A Month in the Country – J L Carr
There are many different motives for reading a book – a desire for pure entertainment, to educate, to discover more, intellectual stimulus – but sometimes you come across a book that is just wonderful and gives you a zest for life. One such is Carr’s novella, A Month in the Country, set in 1920 and published in 1980.
At one level it is a paean to the lost English countryside and the crafts that sustained the rural economy until the dark clouds of the First World War changed everything irrevocably. Carr has an acute sense of the minutiae that make up the countryside and his descriptions take an almost elegiac form; “the sound of the bees foraging from flower to flower seemed to deepen the stillness.” And in a longer passage; “Day after day, mist rose from the meadow as the sky lightened and hedges, barns and woods took shape until, at last, the long curving back of the hills lifted away from the Plain. It was a sort of stage magic… I had a feeling of immense content and, if I thought at
all, it was that I’d like this to go on and on…”
But on another level, it is a bitter sweet tale. The protagonist and narrator, Tom Birkin, is on his uppers, has suffered a painful break-up in his marriage and has been mentally scarred by (and has a facial tick from) his war-time experiences. He has arrived at the village of Oxgodby to restore a medieval mural hidden behind a whitewashed in the church. The vicar thinks it is a waste of time and money but Birkin soon realises that he is uncovering a masterpiece.

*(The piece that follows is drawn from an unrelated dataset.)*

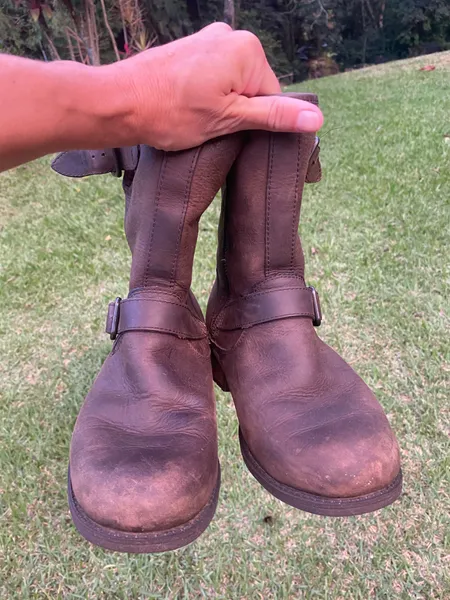 bota ugg importada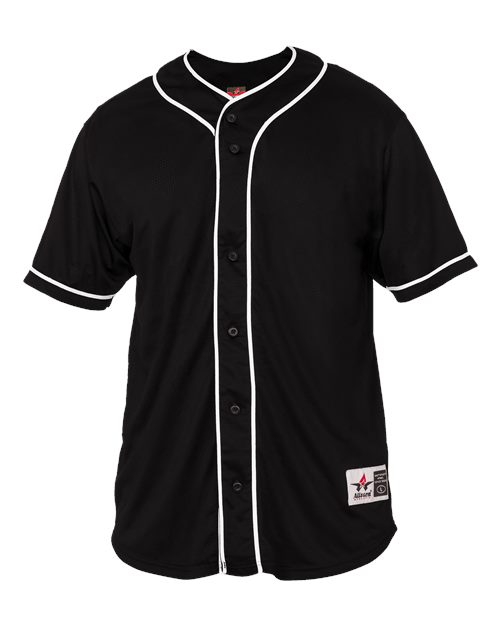 Alleson Athletic 52MBBJ Unisex Diamond Jersey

This rare opportunity for Birkin to practise his ancient craft allows him to find some solace, some comfort.
Birkin strikes up a friendship with Moon, another former soldier scarred by his wartime experiences, who is employed to find the bones of his patron’s ancestor. They both realise that they are experiencing a moment of catharsis and eke out their work to extend their stay.

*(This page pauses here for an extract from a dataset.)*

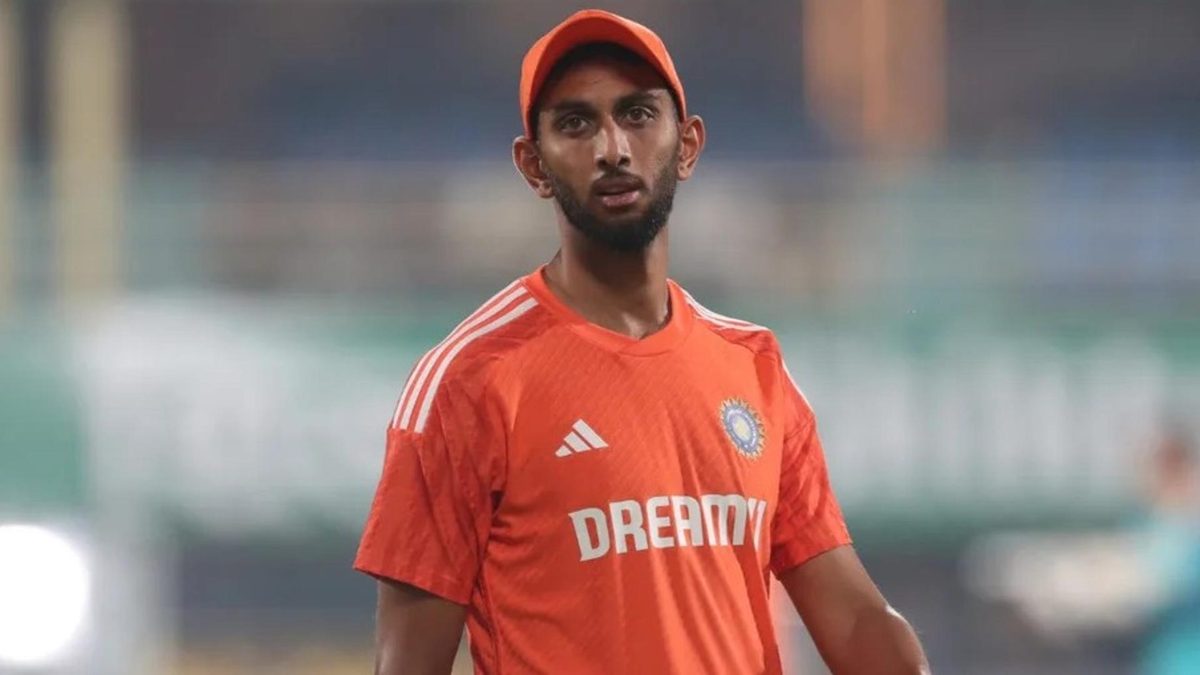 Maharaja Trophy sold and unsold players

And then just for good measure Birkin meets a woman, Alice Keach, the wife of the vicar. She is considerably younger than her rather crabby husband and beautiful to boot. Carr indicates that her marriage is not a satisfying one and there is a frisson of romantic attachment between the former soldier and her. But it is a chaste relationship, offering promise rather than fruition. Alice is portrayed rather like a paragon of beauty locked in some painting, someone to be admired, venerated but not touched.

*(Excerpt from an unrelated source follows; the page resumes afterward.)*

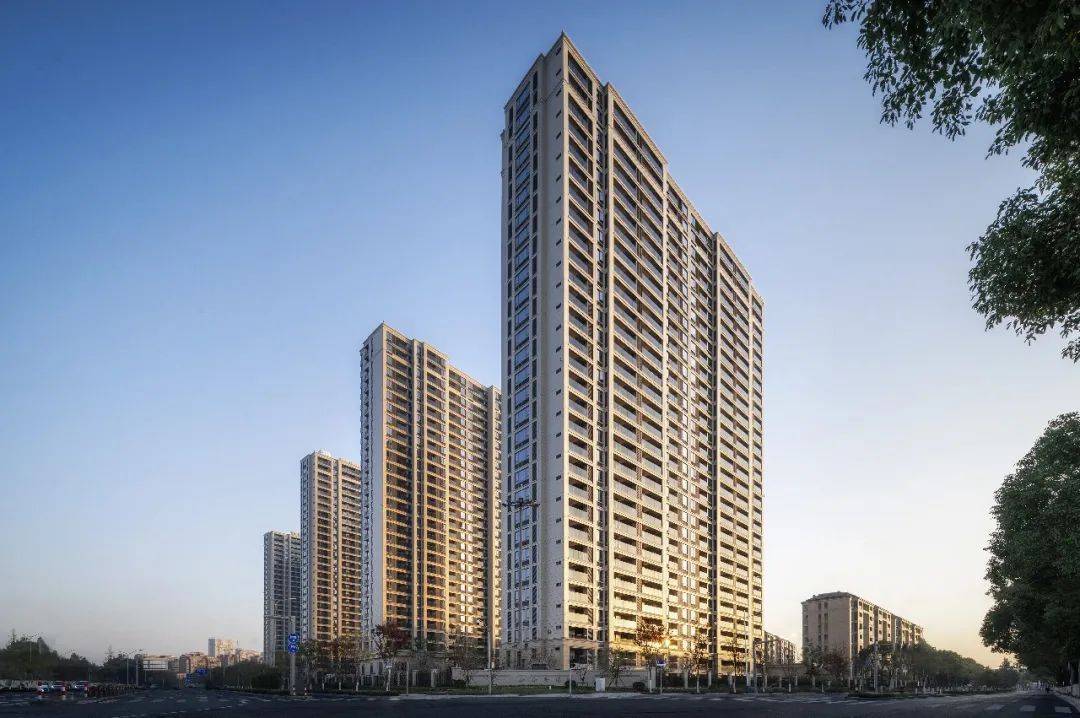 华梦锦园-嘉兴华梦锦园楼盘详情-电话-房价-户型-容积率-小区环境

And for me this is the essence of this rather wonderful book – the realisation that even the most imperfect and damaged life can contain moments of happiness and perfection. These may be fleeting and impermanent and need to be enjoyed when they occur. Or as Carr more memorably puts it, “If I had stayed there, would I have always been happy? No, I suppose not. People move away, grow older, die, and the bright belief that there will be another marvellous thing around each corner fades. It is now or never; we must snatch at happiness as it flies.”
Carpe diem is a motto that has a lot going for it, I have always thought.
If you are looking for a tender, elegant, beautifully written novella that evokes the beauty of the English countryside and the impermanence of happiness, you will not be disappointed with this book.